Antibiotics and Probiotics in Inflammatory Bowel Disease: Why, When, and How

Cosimo Prantera; Maria Lia Scribano


Curr Opin Gastroenterol. 2009;25(4):329-333. 

In This Article

Antibiotics and Crohn's Disease

In the last years several groups have reported the presence of E. coli in Crohn's disease ileal and colonic tissue.[14,15]E. coli with adherent-invasive properties (AIEC) found in these specimens is able to colonize the intestinal mucosa and to invade and replicate within macrophages, inducing the secretion of a large quantity of TNF.[16] Clarithromycin, a macrolide wide-spectrum antibiotic, can penetrate into macrophages and can be effective in eradicating the bacteria.

The only trial performed last year in active Crohn's disease has compared clarithromycin 1g against placebo, administered for 3 months to 41 patients with Crohn's disease with CDAI over 200 points and high concentration of C-reactive protein (CRP).[17•] There was no difference in the remission or response rate at 3 months between the antibiotic and placebo and the study was stopped. It is possible that clarithromycin, given its mediocre activity against E. coli, is not the best antibiotic to treat Crohn's disease flares, assuming that AIEC is really implicated.

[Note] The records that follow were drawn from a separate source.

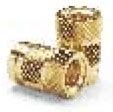 dodge thread inserts, Inserts for plastics, brass insert, brass inserts ...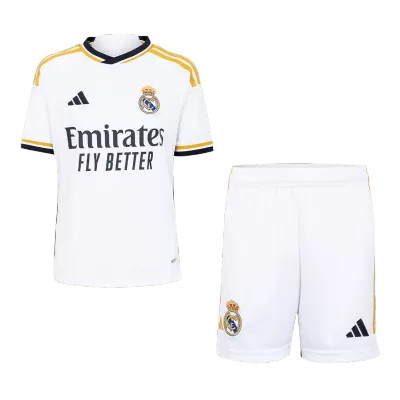 Real Madrid Football Mini Kit (Shirt+Shorts) Home 2023/24 - bestfootballkits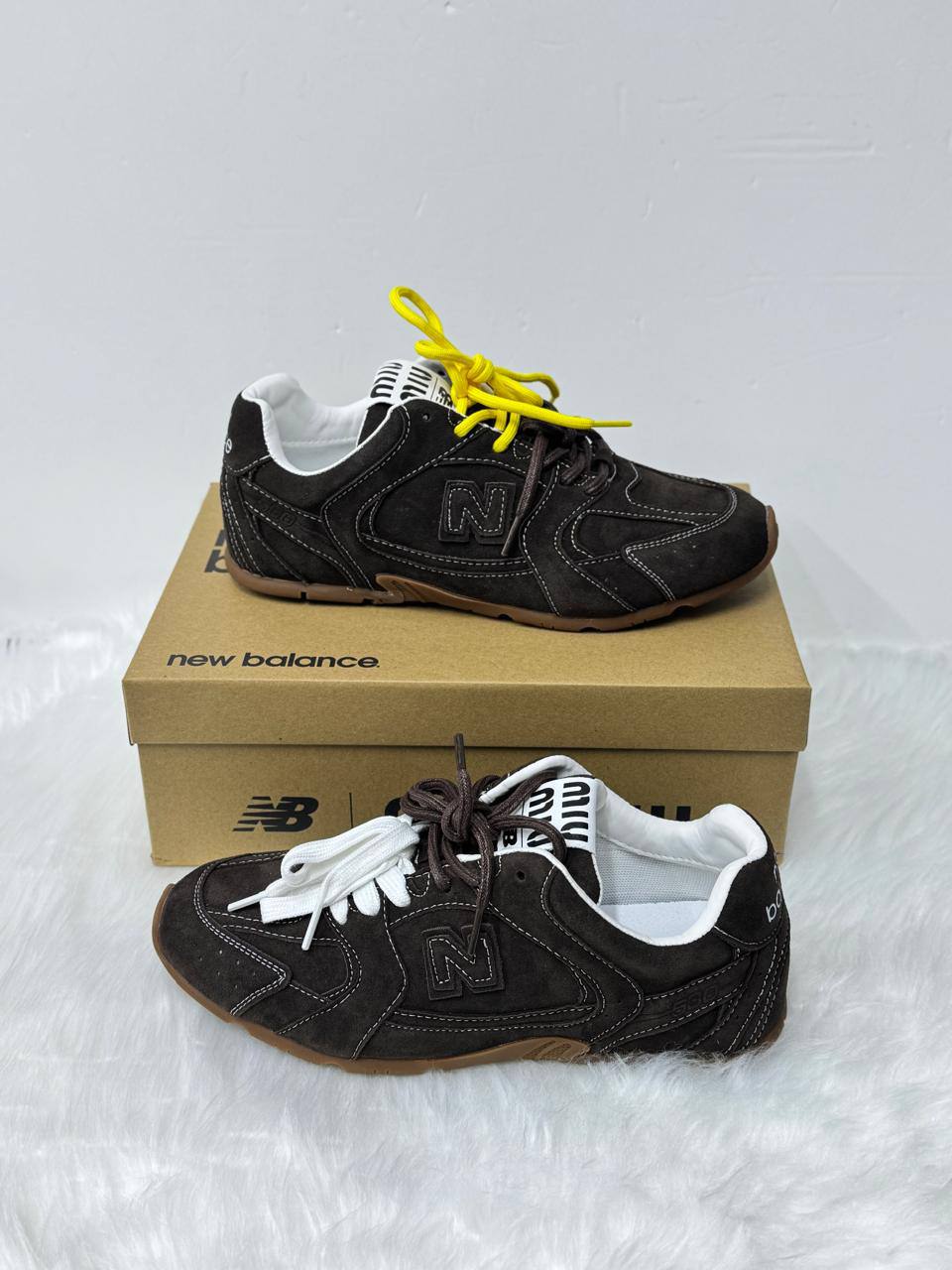 New balance 
MIU MIU
Size 36 to 41
150 dhs🪙💚

Zain21
♥️♥️♥️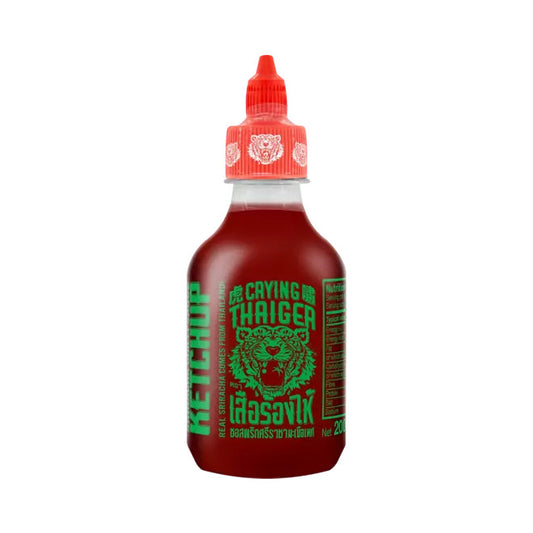 Crying Thaiger Sriracha-Chilisauce – Ketchup 200ml
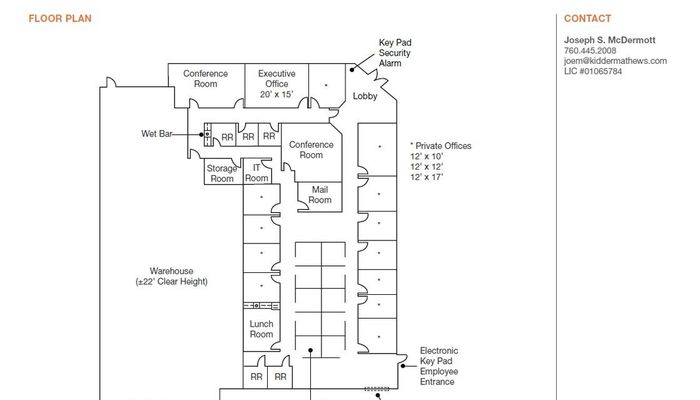 Warehouse Space for Sale at 2448 Cades Way Vista, CA 92081 - #2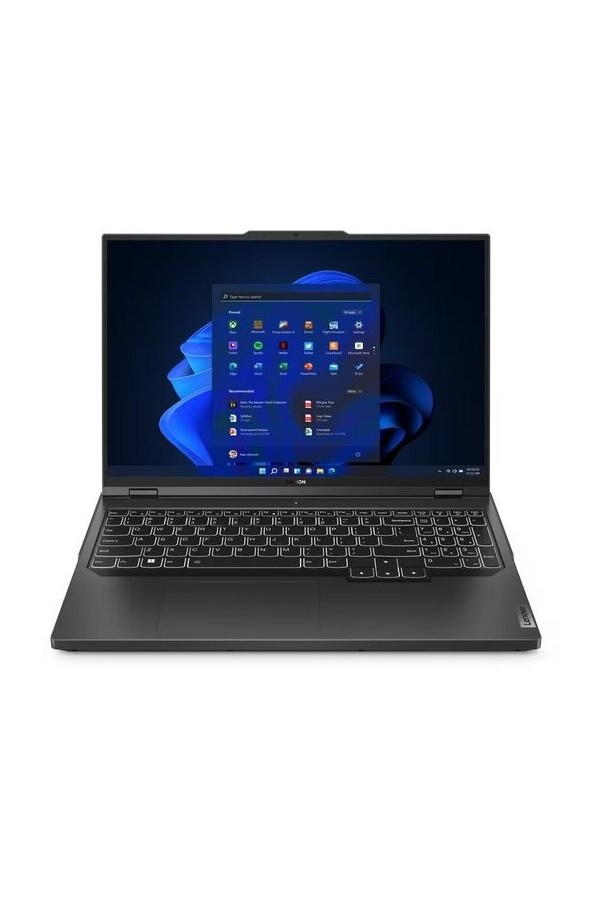 LENOVO Laptop Legion 5 Pro 16IRX8 Gaming 16'' WQXGA IPS/i7-13700HX/32GB/1TB SSD/NVIDIA GeForce RTX 4070 8GB/Win 11 Home/3Y Premium/Onyx Grey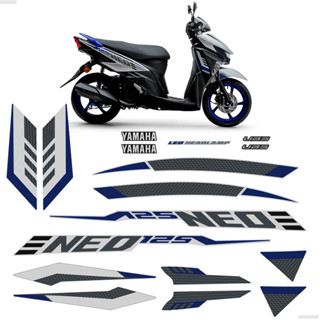 Kit Adesivos Para Yamaha Neo 125 Ubs 2021/2022 Moto Prata em Oferta na Shopee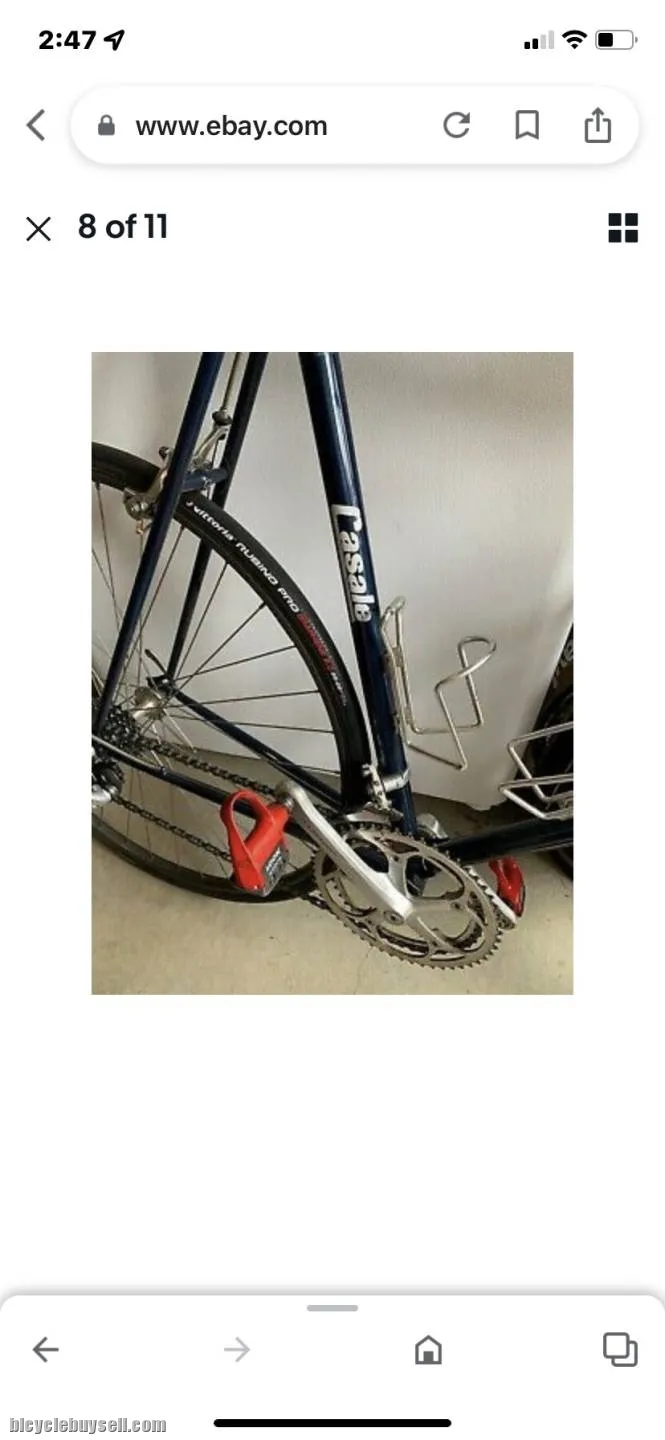 BIKE CASALE 60 CM CUSTOM ROAD BIKE PROFESSIONALLY MADE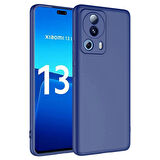 Forzacase Xiaomi 13 Lite uyumlu Liquid Serisi İçi Kadife Lansman Silikon Kılıf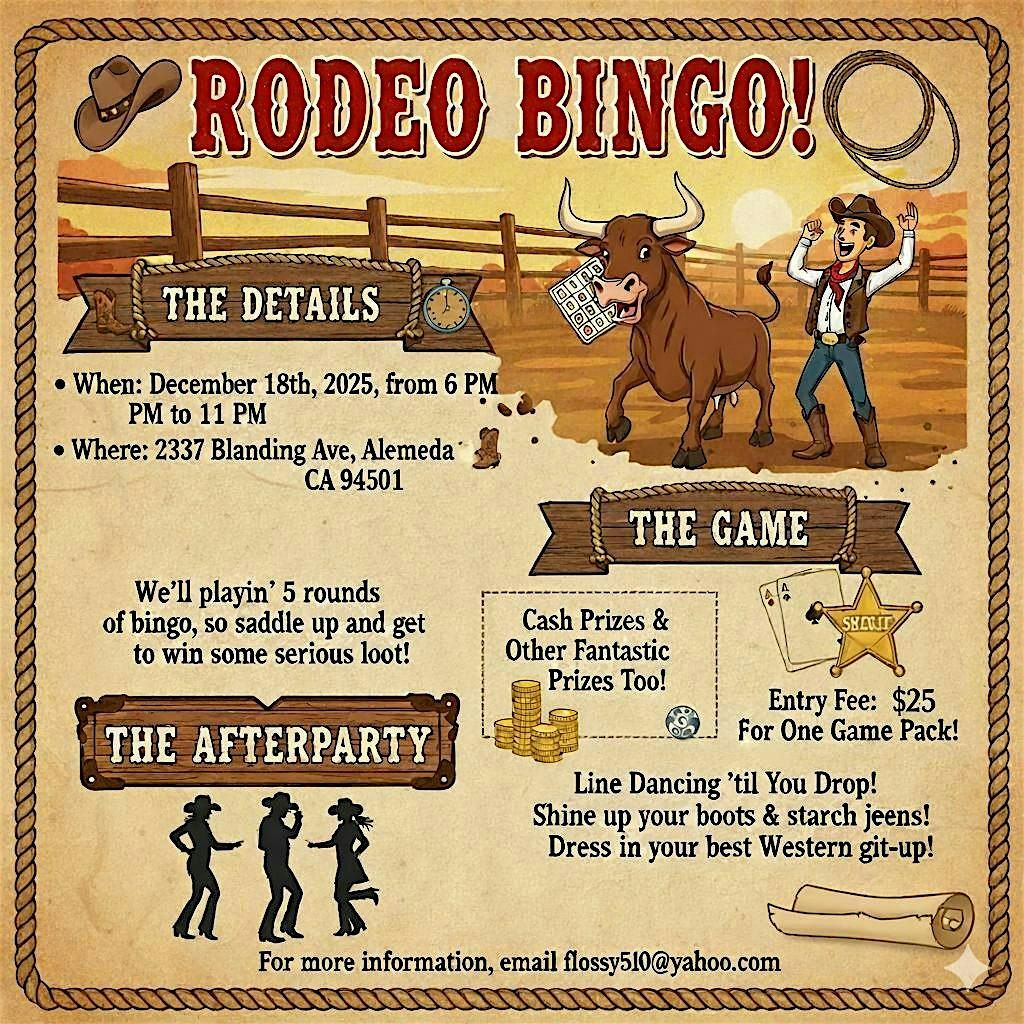 Rodeo Bingo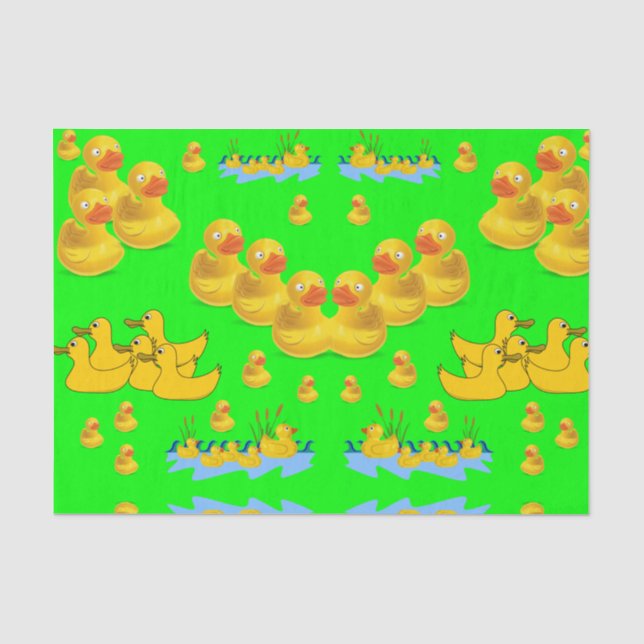 Seda Patos amarelos de papel absorvente (Frente )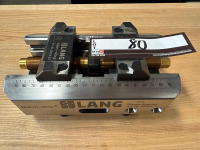 Lang Technik USA Makro-Grip 125, 5-Axis Vise, 77mm Jaw Width, 0-205mm Clamping Range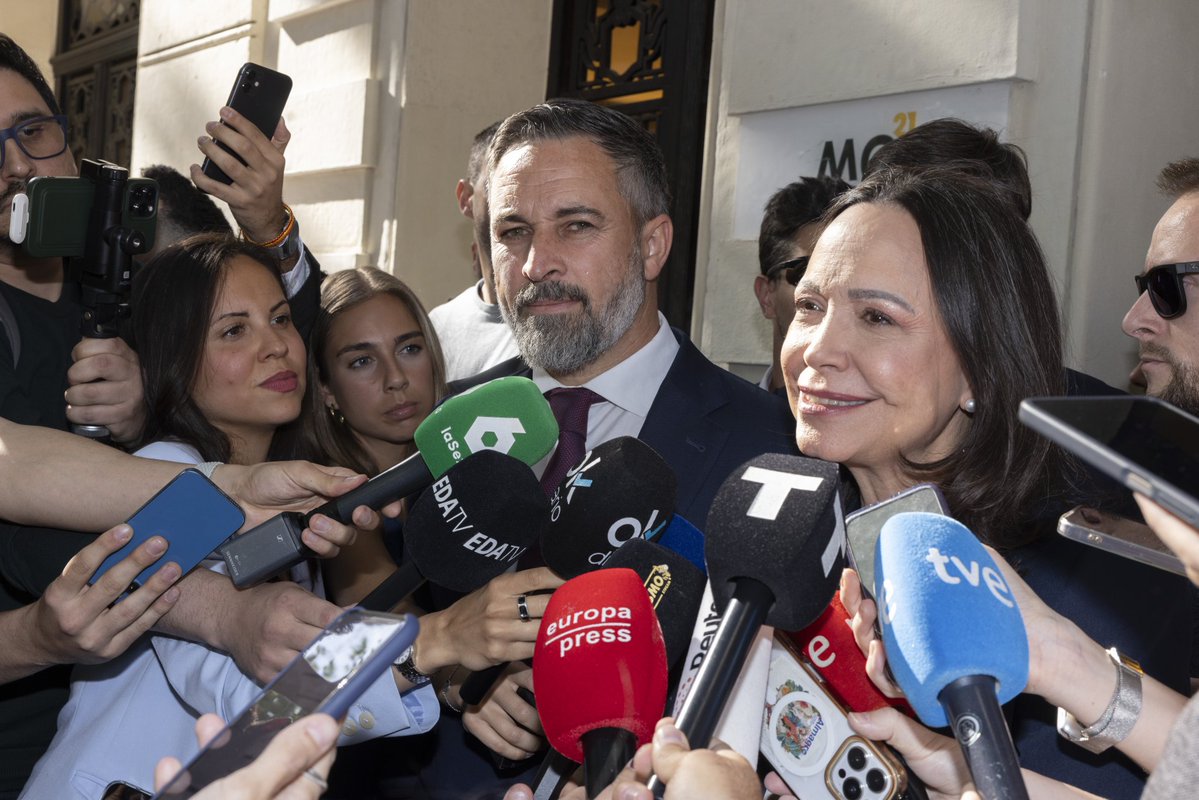 Santiago Abascal 🇪🇸 tweet media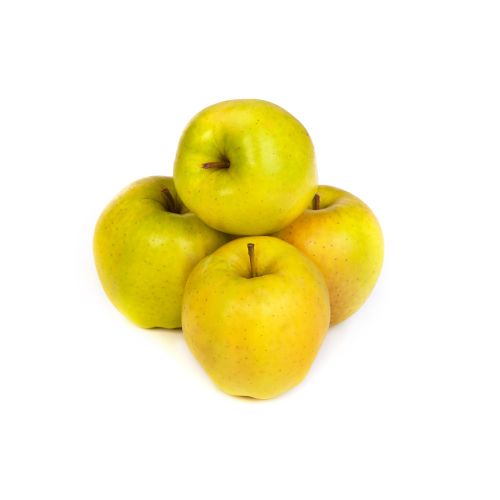Яблоки Голден Делишес в лотке 700 г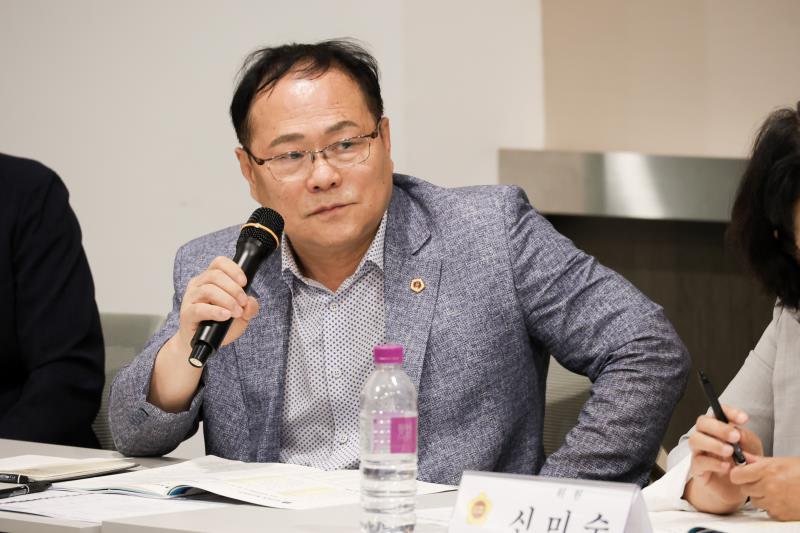 2025년도 제2회 경기도청 추경 예산(안) 심사 대비 경기도의회 예산결산특별위원회 사전설명회_9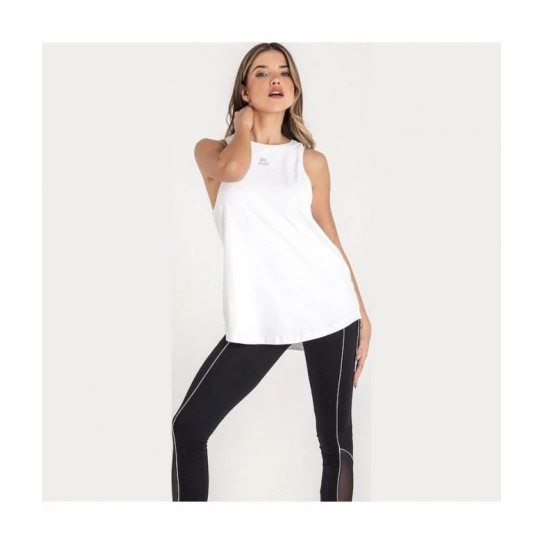 Tank Top Energy Ditchil - Branco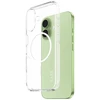 „Panzer Glass CARE by PanzerGlass Flagship Urban Explorer“ dėklas su „Baltas MagSafe“, skirtas „iPhone 17“ – permatomas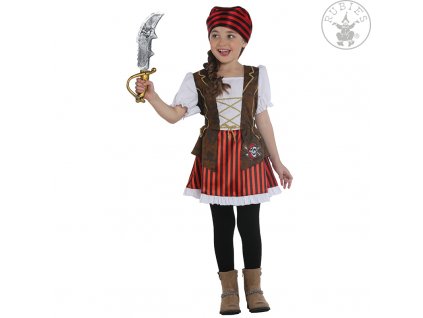 Piratenlady - dětský kostým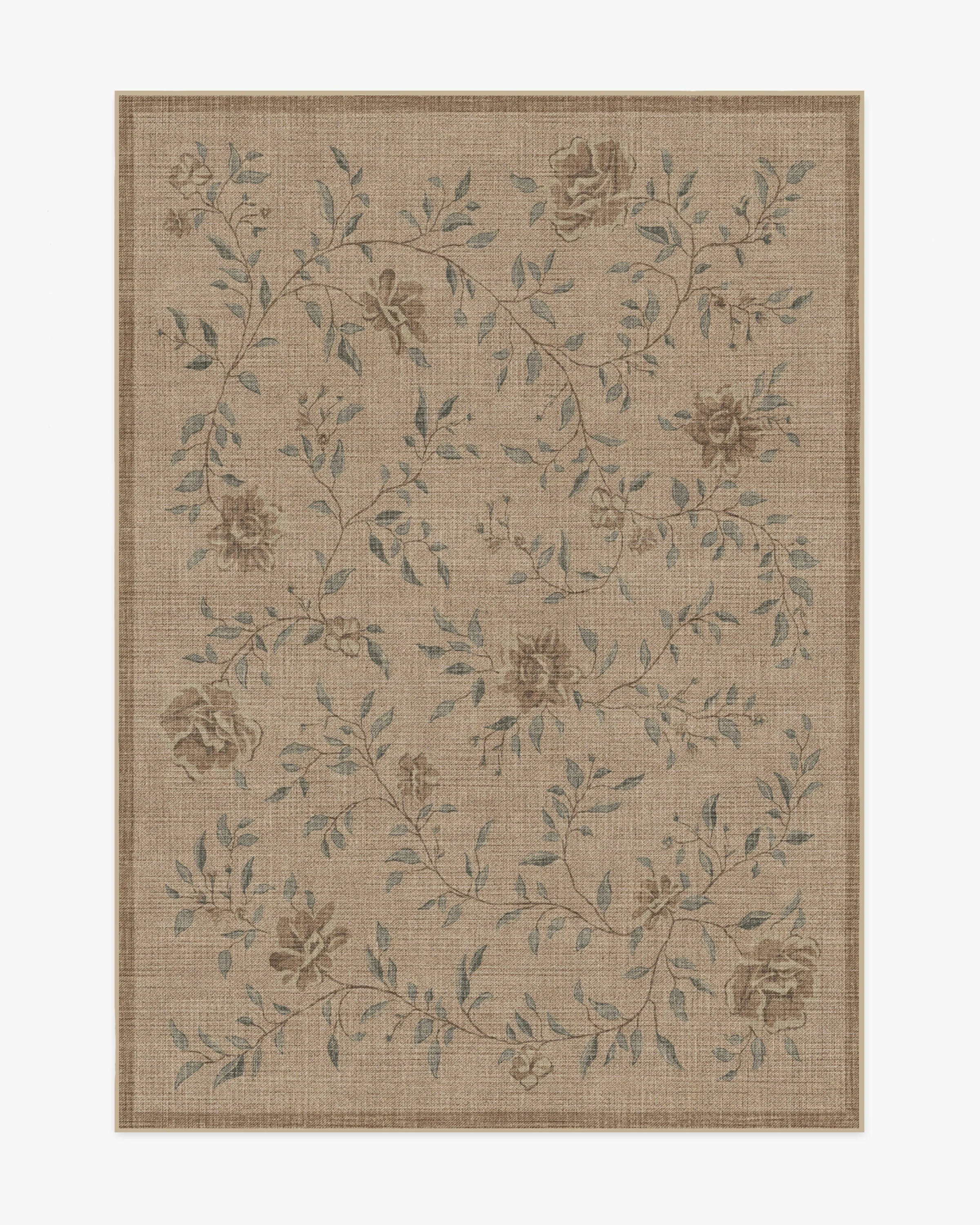 Blume Natural Sage Re-Jute Rug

Maintenance of Crohn's disease remission induced by surgery or by drugs is a key goal for a gastroenterologist. His/her job is to increase the time until reappearance of lesions and to reduce their severity without inducing significant side effects. A patient's compliance with the prescribed drug is crucial. It is well established that surgery in Crohn's disease is followed by a high 1-year endoscopic recurrence and that bacteria are strongly suspected to be implicated in the recurrence of the lesions. Antianaerobic bacterial drugs, such as metro and ornidazole, have been shown to reduce the severity of endoscopic recurrence after Crohn's disease surgery, but their long-term use is burdened by a low compliance because of an elevated number of side effects. A randomized, placebo-controlled study employed a 3-month course of metro in combination with a 1-year of azathioprine to reduce the 1-year endoscopic recurrence in 81 operated patients with high risk of recurrence.[18••] This strategy reduces the period of metro use utilizing it as bridge therapy, given the slow action of azathioprine. Four patients were withdrawn because of side effects; in three of them side effects probably due to metro occurred in the first 3 months. The difference in recurrence rates between metro and azathioprine and metro and placebo was statistically significant, 55 vs. 78%, respectively, thus offering the prospect of a biologically plausible therapy with limited side effects. This strategy combines the approach of reducing the anaerobic bacteria with the down-regulation of immune response. In fact, a recent study on Crohn's disease paediatric patients reported that a subset of such patients with antibodies against microbial antigens was more susceptible to complications.[19•]

The most significant reason for antibiotic treatment failure is the emergence of side effects, particularly important in long-term treatment. The interest of clinicians has been recently moved towards the nonabsorbable antibiotic rifaximin which, due to its high safety profile, is suitable for long-term treatment. Rifaximin, active against anaerobic bacteria and E. coli, has been approved for the treatment of traveller's diarrhoea. In 2008 two case reports described the response to rifaximin in six patients with Crohn's disease.[20,21] In one of these articles the clinical remission obtained in three newly diagnosed ileal Crohn's disease patients was confirmed also by a capsule endoscopy mucosal improvement.[20] The doses employed varied from 600 to 800 mg daily for a period of 3 weeks to over 6 months. A previous rifaximin-controlled trial had shown that 800 mg given twice daily for 3 months in patients with elevated CRP provided the best result.[22]